THE Opposition will not support any legislation brought to Parliament until Government returns the Public Procurement and Disposal of Public Property Act to its original form. 

At a press conference at the office of the Leader of the Opposition, Charles Street in Port of Spain, opposition senator Wade Mark addressed the issue. Mark sat on a panel with opposition MPs, Rodney Charles and Vandana Mohit and the three discussed three current issues in TT: the procurement legislation, Venezuelan migration issue and proposed increases in pasta and macaroni.  Mark called for Government to withdraw what he termed “the disturbing amendments” to the Act and return it to its original “pristine glory.” 

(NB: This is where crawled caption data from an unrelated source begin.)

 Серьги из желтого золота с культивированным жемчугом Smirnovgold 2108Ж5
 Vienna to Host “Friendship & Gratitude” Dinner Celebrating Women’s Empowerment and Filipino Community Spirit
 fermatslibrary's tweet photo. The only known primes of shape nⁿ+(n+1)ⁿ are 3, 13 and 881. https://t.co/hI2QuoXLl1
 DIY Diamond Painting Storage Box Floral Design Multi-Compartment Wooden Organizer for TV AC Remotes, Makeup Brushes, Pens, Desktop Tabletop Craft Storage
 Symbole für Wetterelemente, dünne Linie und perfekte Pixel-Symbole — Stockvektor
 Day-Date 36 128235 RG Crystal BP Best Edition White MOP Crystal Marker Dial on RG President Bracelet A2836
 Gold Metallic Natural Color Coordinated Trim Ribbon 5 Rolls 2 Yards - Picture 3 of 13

“Until they do so, the UNC will not be supporting any legislation they bring to Parliament until they return the Public Procurement and Disposal of Public Property Act Number one of 2015 to its original status,” he said. He said the Act of 2015 received the support of the United Nations Development Programme (UNDP) and the Inter-American Development Bank (IADB). 

Mark said the Dr Keith Rowley-led administration amended the legislation three times. The December 4 Act 17 of 2020 which amended the parent act, “placed the nail in the coffin of procurement as it relates to transparency, accountability, integrity and value for money,”  he said. 

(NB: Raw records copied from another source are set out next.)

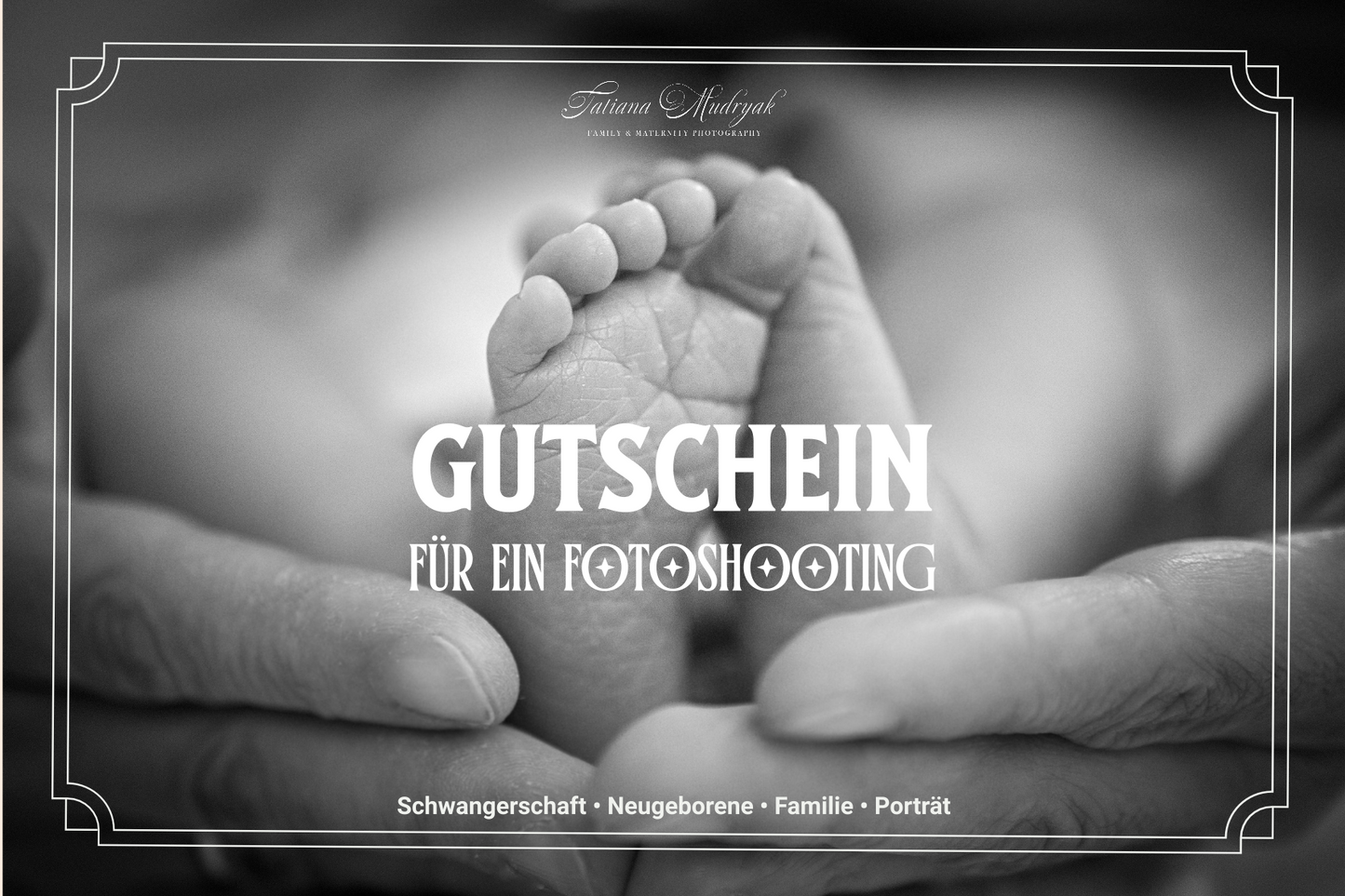 Photoshoot Gift Certificate | Newborn Design | ENG/DE/RUS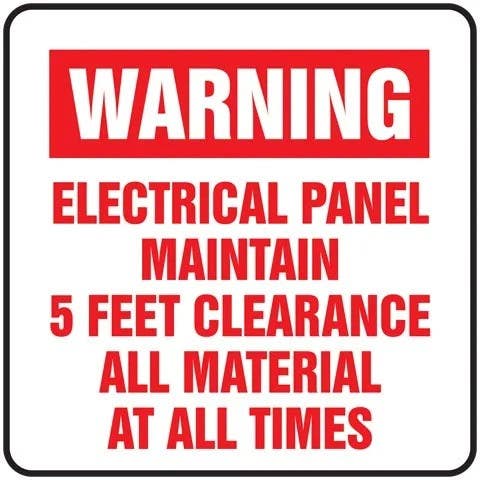 AccuformNMC LELC517 Warning Safety Label, Electrical Panel Maintain 5 Feet Clearance…, Adhesive Dura-Vinyl, 8" x 8"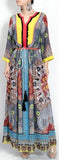 Color-Contrast Tassel-Belted Maxi Dress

Mark said it gutted the efficacy of the act of 2015 and in the process legalised thievery and banditry and naked and wholesale corruption. 

He added that the three amendments dismantled and destroyed the letter and the spirit of the original act and established two parallel procurement regimes in TT. 

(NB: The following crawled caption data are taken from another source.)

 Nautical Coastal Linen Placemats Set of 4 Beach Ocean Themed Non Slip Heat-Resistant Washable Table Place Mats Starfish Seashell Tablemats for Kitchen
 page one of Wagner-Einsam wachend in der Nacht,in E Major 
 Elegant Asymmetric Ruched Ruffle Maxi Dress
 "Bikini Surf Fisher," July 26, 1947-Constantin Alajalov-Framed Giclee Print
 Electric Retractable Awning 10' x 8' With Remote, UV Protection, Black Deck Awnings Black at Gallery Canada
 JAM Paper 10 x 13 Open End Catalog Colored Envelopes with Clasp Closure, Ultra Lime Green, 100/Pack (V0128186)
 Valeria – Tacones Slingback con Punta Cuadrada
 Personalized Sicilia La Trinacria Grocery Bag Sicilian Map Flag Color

This represented not only a breach of trust he but a betrayal of the Government’s commitments and promises to the people through its 2015 manifesto and several promises in subsequent budgetary statements. 

He said when the “gutted legislation” was examined and looked at, the elimination of any oversight by any independent body as it concerns the sale and disposal of public assets and property will tell where TT is. 

He said Government in its amendments removed from public view, oversight by an independent body of any transactions involving the sale and disposal of TT’s assets. 

Using the purchase of two fast ferries as an example, Mark said the PM and Minister of National Security Stuart Young visited Australia and decided through a committee – “set up by themselves, headed by themselves and took a decision by themselves” – without any independent oversight, to purchase the ferries at over TT$1 billion.